Most animals will attack you to protect their babies/litters/young. The correct answer is young. But it appears that internet shows that "protect" collocates with "young". Please clarify.

While I was eating cherries I accidentially swallowed a nut/pip/stone. The correct answer is stone. Again, it appears that "pip" also fits. I am really confused since the book gives just one correct answer.

Thank you very much for your clarifications.
 
Please look at the following sentences taken from an advanced english practice.

Most animals will attack you to protect their babies/litters/young. The correct answer is young. But it appears that internet shows that "protect" collocates with "young". Please clarify.

Not all animals have litters (some have a single offspring at a time) so litters would be a bad choice of word.

I don't have a grammatical problem with either babies or young, although I think that, semantically, babies is too narrow a term; small animals do not remain babies very long and will be protected by their parents for longer than that.

In terms of register, young is the correct term: it sounds by far the most natural choice for a factual sentence like your example.




While I was eating cherries I accidentially swallowed a nut/pip/stone.

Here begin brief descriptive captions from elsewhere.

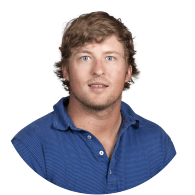 Beau Schoolcraft Profile News Stats And Videos
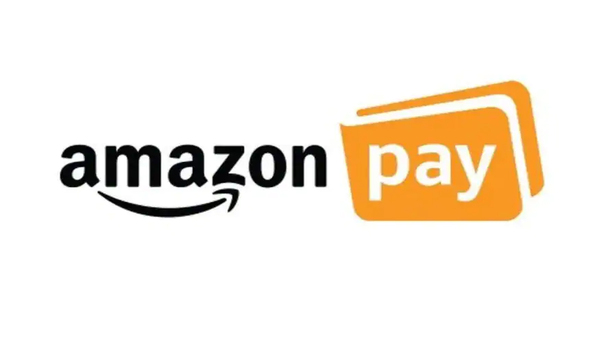 El Banco de la Reserva de la India multa a Amazon Pay por incumplimiento de verificación de usuarios - Revista PLUS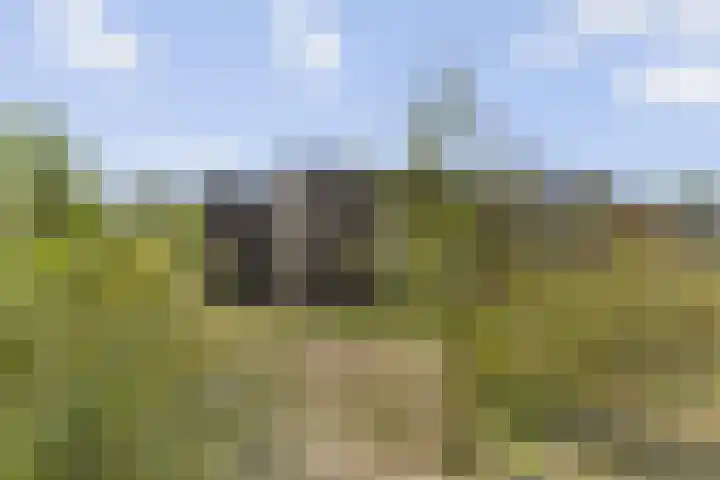 Klepperstee - Kievit 1 15 Ouddorp thumbnail 6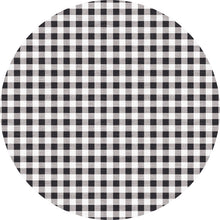 Load image into Gallery viewer, Buffalo Vinyl Mat - VMAT
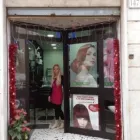 Immagine 2 azienda RICCIOLI D'ORO S.A.S. Servizi di bellezza in Roma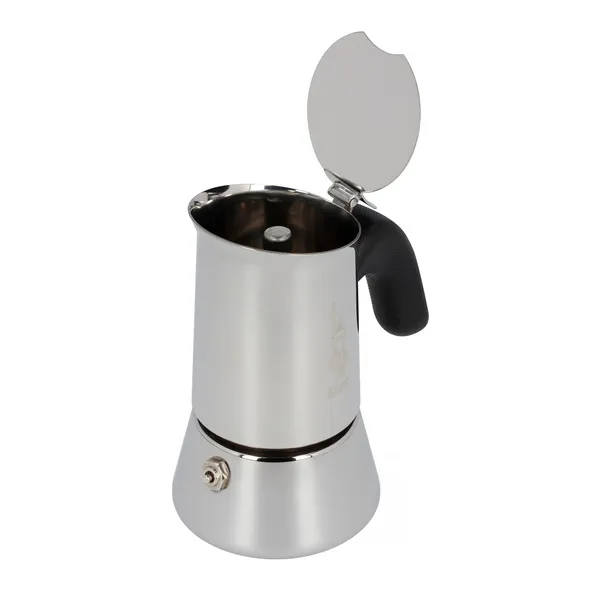 kawiarka-bialetti-new-venus-2tz-marka-bialetti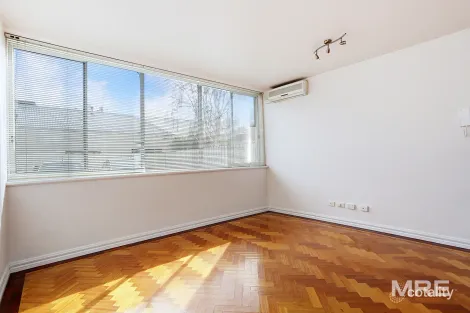 2/37-41 Margaret St, South Yarra, VIC 3141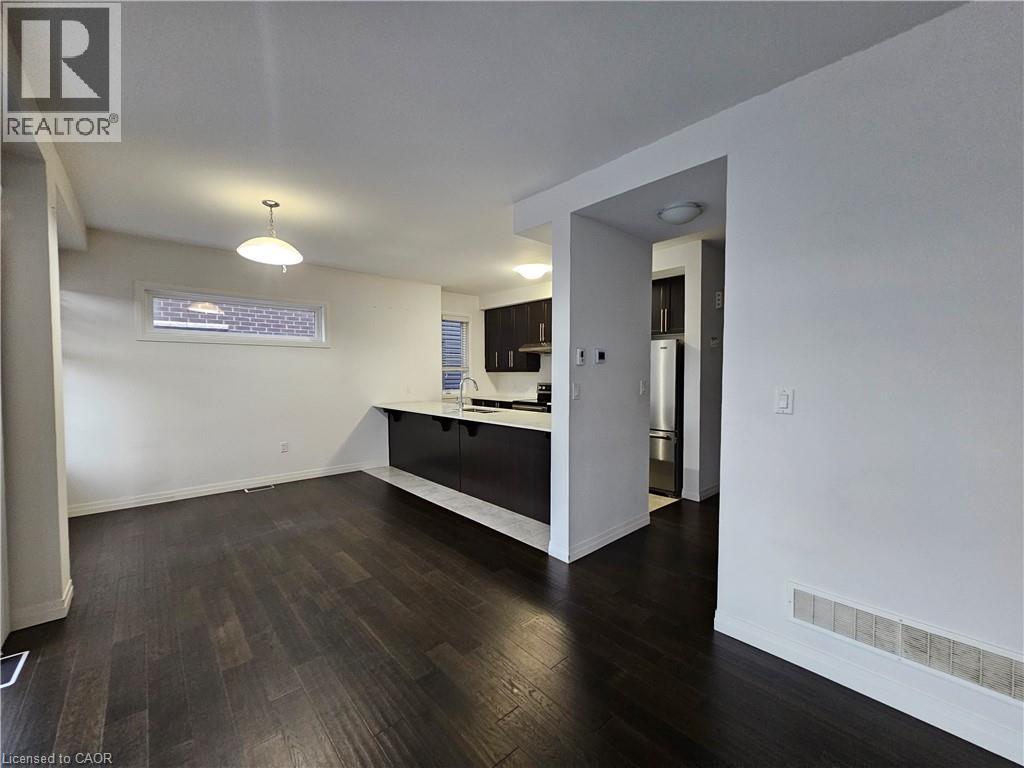 30 Times Square Boulevard Unit# 159, Stoney Creek, Ontario  L8J 0M1 - Photo 11 - 40847230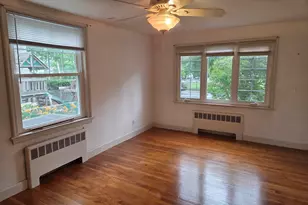 1002 Belmont St, Watertown, MA 02472 - Photo 14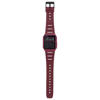 Picture of Casio Vintage Calculator Resin Belt Watch CA-53WF-4BDF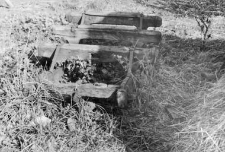 Sledge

The correct answer is stone. Again, it appears that "pip" also fits. I am really confused since the book gives just one correct answer.

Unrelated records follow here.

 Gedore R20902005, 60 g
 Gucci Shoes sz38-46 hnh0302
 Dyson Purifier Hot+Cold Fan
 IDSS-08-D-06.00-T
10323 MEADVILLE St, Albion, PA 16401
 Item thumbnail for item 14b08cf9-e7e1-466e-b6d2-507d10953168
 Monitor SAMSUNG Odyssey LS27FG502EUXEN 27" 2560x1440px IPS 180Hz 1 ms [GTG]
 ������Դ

Thank you very much for your clarifications.

Cherries don't really have pips. Pips are, technically speaking, smaller and softer seeds such as those in apples or oranges, rather than the kind of seed one gets in a cherry or peach, which is properly called a stone.

I have heard cherry stones called pips casually, but stones is by far the more common term, and I think more accurate.

Google Fight : Make this fight with googleFight cherrypip VS cherrystone
 
The stone of a cherry, damson, plum etc is also called the pit.

I've never heard them called pips (until now).